Cherry Blossoms Begin to Bloom; Peak Bloom Moved Up to Thursday

National Park Service

It's really happening! D.C.'s cherry blossoms have begun to bloom, and their expected peak bloom dates have been bumped up.

The National Park Service posted Tuesday morning that peak bloom is now expected from Thursday through Sunday.

The news comes after the blossoms actually had their peak bloom date pushed back twice due to cold weather.

The NPS said on Sunday that 20 percent of the Yoshino cherry trees were at full blossom and gave that figure again Tuesday. Peak bloom is defined as when at least 70 percent of the Yoshino trees around the Tidal Basin are blossoming.

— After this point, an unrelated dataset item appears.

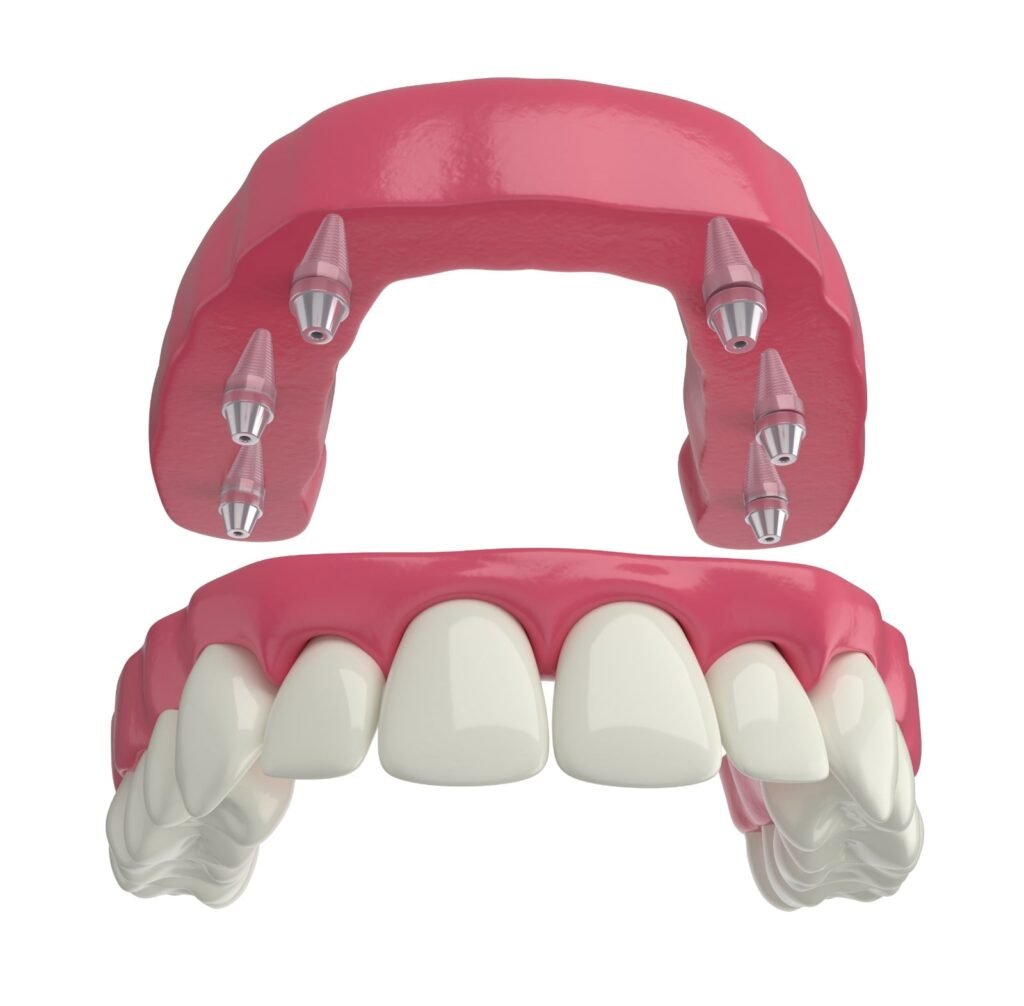 Dental Implant Cost In India Types Advantages Etc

Once they reach peak bloom, the blossoms can remain on the trees from four to 10 days -- but the NPS is cautioning that this year's blooming period could be gone with the wind.

"Keeping an eye on gusty winds tomorrow, enemy of the blossoms!" the agency tweeted.

Temperatures won't be so cold that they could endanger the blossoms, but the wind will likely blow away some of them, Storm Team4 Meteorologist Amelia Draper said. The biggest risk comes to those blossoms that are further along in the blooming cycle.

In other words, get out and see those blossoms as soon as you can.